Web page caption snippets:
>>>
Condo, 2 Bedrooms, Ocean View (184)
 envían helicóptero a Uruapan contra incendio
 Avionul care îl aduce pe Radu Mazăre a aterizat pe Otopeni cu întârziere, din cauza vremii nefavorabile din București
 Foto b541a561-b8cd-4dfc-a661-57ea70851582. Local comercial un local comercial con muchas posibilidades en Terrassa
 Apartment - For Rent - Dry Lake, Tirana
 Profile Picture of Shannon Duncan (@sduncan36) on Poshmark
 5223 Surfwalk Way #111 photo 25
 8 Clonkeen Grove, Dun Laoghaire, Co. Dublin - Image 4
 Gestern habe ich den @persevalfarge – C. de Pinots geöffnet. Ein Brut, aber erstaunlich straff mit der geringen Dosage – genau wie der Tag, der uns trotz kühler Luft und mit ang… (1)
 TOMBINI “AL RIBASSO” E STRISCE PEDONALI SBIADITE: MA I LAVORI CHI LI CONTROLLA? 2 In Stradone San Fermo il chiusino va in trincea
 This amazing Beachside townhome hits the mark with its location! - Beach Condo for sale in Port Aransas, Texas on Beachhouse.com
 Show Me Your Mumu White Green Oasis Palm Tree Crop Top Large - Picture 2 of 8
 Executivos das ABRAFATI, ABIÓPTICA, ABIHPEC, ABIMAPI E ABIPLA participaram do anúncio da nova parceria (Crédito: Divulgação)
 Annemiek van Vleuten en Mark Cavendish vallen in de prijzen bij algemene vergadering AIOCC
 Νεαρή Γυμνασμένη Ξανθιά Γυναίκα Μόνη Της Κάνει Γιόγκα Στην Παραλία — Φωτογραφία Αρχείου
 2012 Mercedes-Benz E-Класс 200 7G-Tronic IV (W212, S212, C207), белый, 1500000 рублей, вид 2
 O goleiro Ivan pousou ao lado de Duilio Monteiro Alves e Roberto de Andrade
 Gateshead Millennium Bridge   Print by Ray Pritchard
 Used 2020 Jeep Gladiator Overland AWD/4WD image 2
<<<
*Exercise prompt*
Set down all the data exactly as given.

*Completed exercise*
Condo, 2 Bedrooms, Ocean View (184)
 envían helicóptero a Uruapan contra incendio
 Avionul care îl aduce pe Radu Mazăre a aterizat pe Otopeni cu întârziere, din cauza vremii nefavorabile din București
 Foto b541a561-b8cd-4dfc-a661-57ea70851582. Local comercial un local comercial con muchas posibilidades en Terrassa
 Apartment - For Rent - Dry Lake, Tirana
 Profile Picture of Shannon Duncan (@sduncan36) on Poshmark
 5223 Surfwalk Way #111 photo 25
 8 Clonkeen Grove, Dun Laoghaire, Co. Dublin - Image 4
 Gestern habe ich den @persevalfarge – C. de Pinots geöffnet. Ein Brut, aber erstaunlich straff mit der geringen Dosage – genau wie der Tag, der uns trotz kühler Luft und mit ang… (1)
 TOMBINI “AL RIBASSO” E STRISCE PEDONALI SBIADITE: MA I LAVORI CHI LI CONTROLLA? 2 In Stradone San Fermo il chiusino va in trincea
 This amazing Beachside townhome hits the mark with its location! - Beach Condo for sale in Port Aransas, Texas on Beachhouse.com
 Show Me Your Mumu White Green Oasis Palm Tree Crop Top Large - Picture 2 of 8
 Executivos das ABRAFATI, ABIÓPTICA, ABIHPEC, ABIMAPI E ABIPLA participaram do anúncio da nova parceria (Crédito: Divulgação)
 Annemiek van Vleuten en Mark Cavendish vallen in de prijzen bij algemene vergadering AIOCC
 Νεαρή Γυμνασμένη Ξανθιά Γυναίκα Μόνη Της Κάνει Γιόγκα Στην Παραλία — Φωτογραφία Αρχείου
 2012 Mercedes-Benz E-Класс 200 7G-Tronic IV (W212, S212, C207), белый, 1500000 рублей, вид 2
 O goleiro Ivan pousou ao lado de Duilio Monteiro Alves e Roberto de Andrade
 Gateshead Millennium Bridge   Print by Ray Pritchard
 Used 2020 Jeep Gladiator Overland AWD/4WD image 2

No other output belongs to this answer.